At his very first meeting, Agarwal volunteered to host the group in Delhi and Jaipur to see the work of the IIHMR first-hand during the HAB's tour of India and Bangladesh the following spring. In turn, Agarwal visited the extensive research site of JiVitA, the JHSPH nutrition and maternal and child health study in Bangladesh.
He immediately saw JiVitA’s relevance for similar programs in India, and later sent IIHMR representatives to JiVitA to exchange ideas. “The beauty was,” Agarwal remembered, “they weren’t just helping large numbers of people, they were creating data for excellent research that could be implemented successfully in other countries.”

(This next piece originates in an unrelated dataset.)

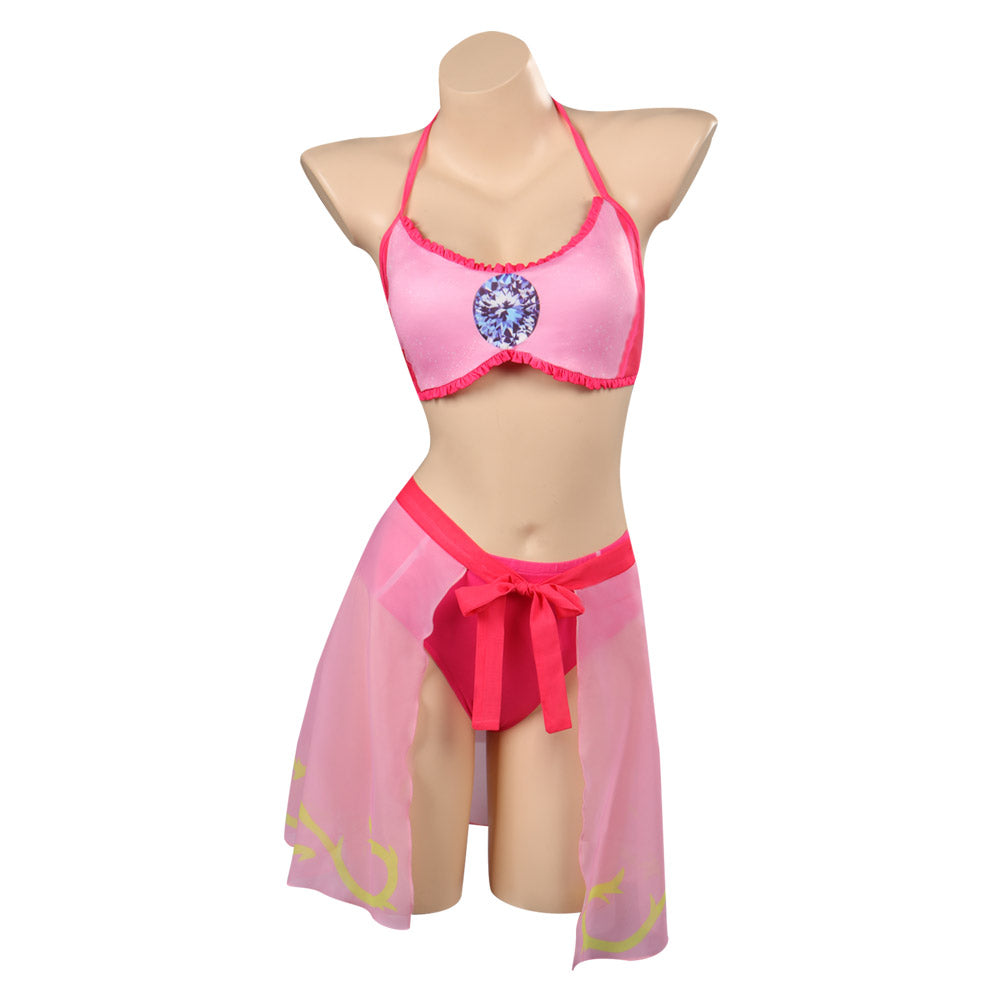 Super Mario Princess Peach Bikini Cosplay Costume Halloween Carnival Party Disguise Suit DISFRAZDEDIADEBRUJAS.ES®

Health Advisory Board at IIHMR
More recently, Dean Klag has enlisted JHU President Ron Daniels in working to develop and expand IIHMR, and in February 2013, Daniels traveled to the Jaipur campus to give the P.D. Agarwal Memorial Lecture, titled "Frontiers of Higher Education: Access, Quality and Innovation in India and the United States.” That fall, JHSPH and IIHMR enrolled the first students in a Jaipur-based MPH program for residents of India and other low- and middle-income countries in the region. The program is focused on public health capacity building in developing countries, with emphasis on health management skills to enhance the effectiveness and efficiency of public health programs and services.
In 2014, Agarwal joined the Johns Hopkins University Board of Trustees. His hopes and expectations for the university are high, and he intends “to learn a lot and bring that back to Indian universities.” With its ethos of “knowledge for the world,” Johns Hopkins has much to offer students from the U.S. and abroad who want to become agents of change in the affairs of nations and in international diplomacy.
Agarwal wants to spread the strengths of the Bloomberg School—its depth of experience in global health research and training the future health leadership for nations around the globe—to raise the global profile across JHU divisions, especially in opening more opportunities for foreign undergraduates and graduate students. He emphasizes the importance of bringing all the divisions together to solve the world’s biggest problems, citing as an example the work of the Johns Hopkins Water Institute, which collaborates with Agarwal.